Of course, we all suspect that fear of displeasing Chinese leadership is a part of it. But perhaps China should become accustomed to being treated as other nations are as they move further into the world of international trade?
You've reported on Iran-Contra and you "excel under perilous conditions" according to your bio. Please consider taking on this dark place in international affairs, this media complicity, into some light. As it stands, it seems Tibet must suffer -- no matter the size of the public support (I was at a vigil last night in here in Victoria; I can't tell you how many passing drivers -- and even bicyclists -- honk when they see the HONK FOR A FREE TIBET. You have wonderful articulate spokespeople to call on: Lhadon Tethong, born in Victoria, BC for one (leader of Students for a Free Tibet, probably living in Quebec City -- I don't know). George Stroumboulopoulos interviewed her on the Hour; and she's been on the Current (many years ago). But probably someone less associated with the movement would be interesting, too? This is just media censorship.

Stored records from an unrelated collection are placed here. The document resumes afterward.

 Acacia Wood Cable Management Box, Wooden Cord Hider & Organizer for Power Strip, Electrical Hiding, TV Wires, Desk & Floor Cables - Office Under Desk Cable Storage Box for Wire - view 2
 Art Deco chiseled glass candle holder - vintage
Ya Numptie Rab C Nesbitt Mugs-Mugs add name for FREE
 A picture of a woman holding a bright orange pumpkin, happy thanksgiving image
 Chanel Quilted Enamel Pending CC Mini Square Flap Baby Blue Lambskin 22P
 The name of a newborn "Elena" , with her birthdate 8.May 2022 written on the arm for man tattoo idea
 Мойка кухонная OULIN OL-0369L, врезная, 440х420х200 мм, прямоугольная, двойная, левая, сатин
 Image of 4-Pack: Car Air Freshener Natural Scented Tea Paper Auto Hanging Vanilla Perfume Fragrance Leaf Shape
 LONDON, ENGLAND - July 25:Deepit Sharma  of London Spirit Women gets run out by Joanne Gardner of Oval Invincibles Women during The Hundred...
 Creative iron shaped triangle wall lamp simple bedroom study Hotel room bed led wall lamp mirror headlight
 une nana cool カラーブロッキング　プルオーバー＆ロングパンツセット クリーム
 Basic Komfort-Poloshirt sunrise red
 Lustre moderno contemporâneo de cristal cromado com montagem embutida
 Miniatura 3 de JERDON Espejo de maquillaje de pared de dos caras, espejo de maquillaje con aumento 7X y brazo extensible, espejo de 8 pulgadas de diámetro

We rage and rave about "media blackouts" in Syria and other countries. But the one in Tibet seems to have been effective; there is silence from those who know (lots of footage and information is coming out) and who live in free societies and could speak.
good wishes
ps: I see in a search that CBC TV news had a clip on February 3rd. I am not a CBC TV viewer (don't have a television and rarely watch on line). I don't remember I've heard anything on the CBC Radio in the last months, even years. And next to the *hourly* updates on the situation in Syria, one guarded mention every six months on the television seems paltry.
From the Dispatches desk. In the March 1 Dipatches program, we plan to run a piece from India about the debate among Tibetan Bhuddists in exile about whether the faith sanctifies self-immolation, and look at the new outlook among younger exiles.